Wir sprachen von vergangnen Zeiten; Frau von Rüdel hatte ein pietätvolles Gedächtniß für alle Kleinigkeiten ihres Jugendlebens. Mitten in der eifrigsten Unterhaltung unterbrach sie sich plötzlich, zog ein Notizbuch aus der Tasche, riß ein Blättchen heraus und sagte entschuldigend: „ich will nur rasch die Butteradresse für die Dame neben mir aufschreiben.“

„Ihre poetische Ader hat wohl aufgehört zu fließen?“ erlaubte ich nur lächelnd zu fragen.

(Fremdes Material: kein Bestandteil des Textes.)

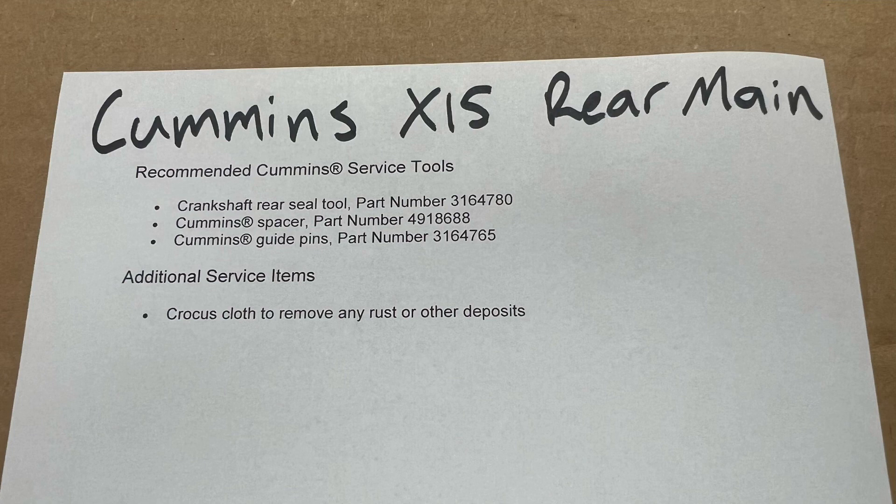Additional service items include crocus cloth to remove any rust or other deposits, and also rags, brake clean, and whatever you need to get the surfaces clean. So let's get into it.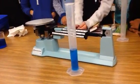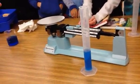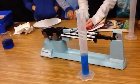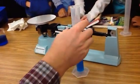Now who can tell me what the mass was of just the cylinder? Anybody remember? 37 point what? It was seven. Remember, 37.7.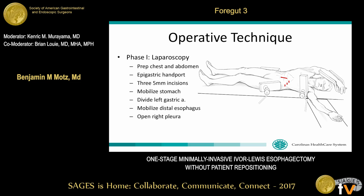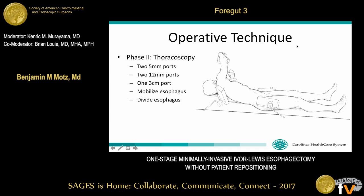The operation begins with a small epigastric hand port incision through which we extract the specimen and assist in retraction during dissection of the stomach. We then make three five-millimeter incisions along the left subcostal margin and proceed with laparoscopic mobilization of the stomach. We identify the left gastric artery, skeletonize it, and divide it using an endoscopic vascular stapler. We then mobilize the distal esophagus up into the mediastinum and intentionally open the right pleura before proceeding to the thoracoscopic portion.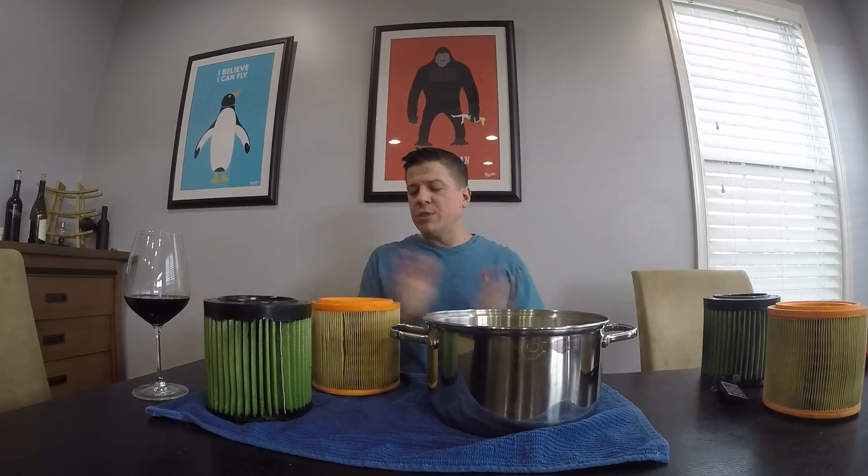Even looking at dyno graphs, there's no real bottleneck to the engines when it comes to how air flows into them. Typically with naturally aspirated engines they may taper off, but ours are actually pretty well built to keep escalating in horsepower all the way to redline.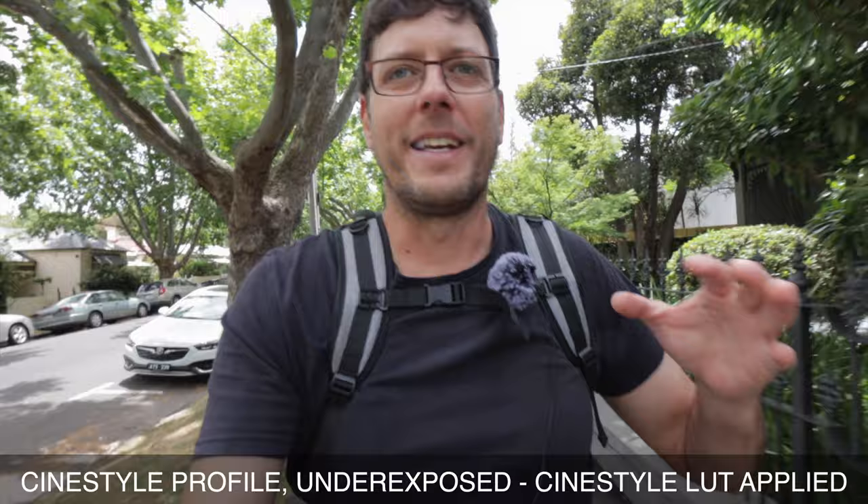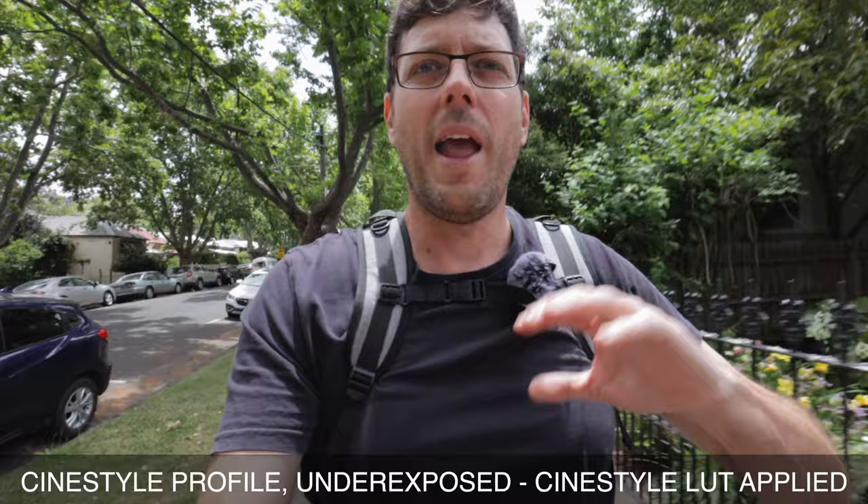If this CineStyle Picture Profile can actually save some of those highlights and shadows as I come in and out of here, and if I can find a really easy workflow for editing, this could be a completely usable profile for vlogging. Looking at the histogram in the footage I've just shot, I can see I'm still way overexposing the highlights, so I've now taken this and I'm underexposing by a full stop. We're going to try to recover all that in post and hope that we haven't blown out the highlights.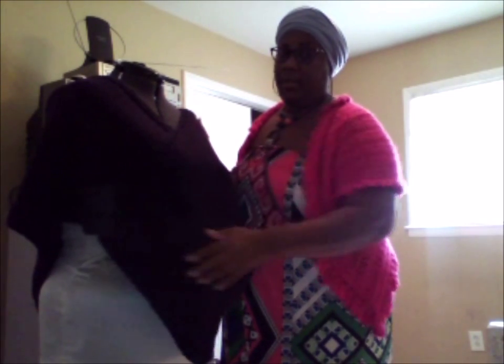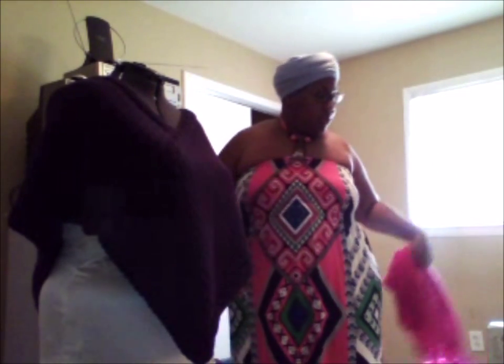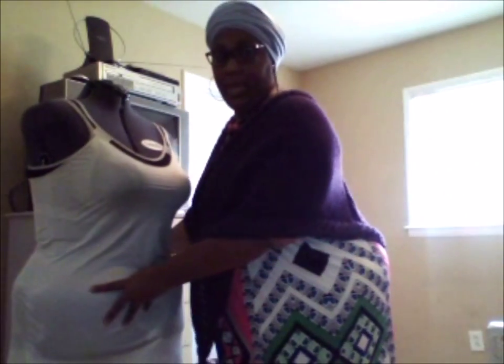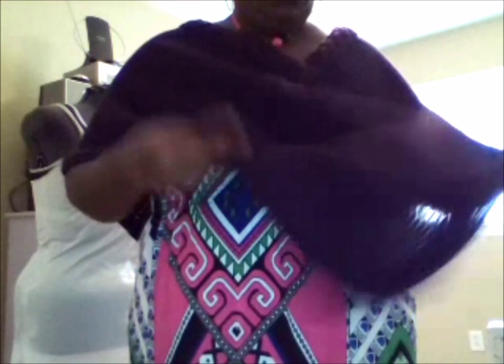I'm going to put this one on so you can see how it looks with these measurements on me. I'm going to move my mannequin out of the way. This is the poncho on me, as you can see. From my shoulder to my elbow, that's 20 inches. And then from this V in the back, across to my waist — see how wide that is? That length there is the second measurement. That's how you measure your two rectangles.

„O nein,“ erwiderte sie mit gutem Humor, „mein Mann hat sogar meine Gedichte gesammelt und in einem Prachtbändchen herausgegeben, doch er hat die kleine Bosheit geübt, mir alle tadelnden Recensionen, welche er auffinden konnte, mit einem Rothstift angestrichen, auf den Frühstückstisch zu legen.“

Herr von Rüdel kam herbei, um mich freundschaftlich zu begrüßen. Er hatte den letzten Theil unseres Gesprächs gehört und meinte nun, Ada’s Gedichte seien doch im Ganzen sehr günstig von dem Publicum aufgenommen; überhaupt beklage er, daß seiner Frau schönes poetisches Talent sich wegen Zeitmangels nicht in wünschenswerther Weise entwickeln könne.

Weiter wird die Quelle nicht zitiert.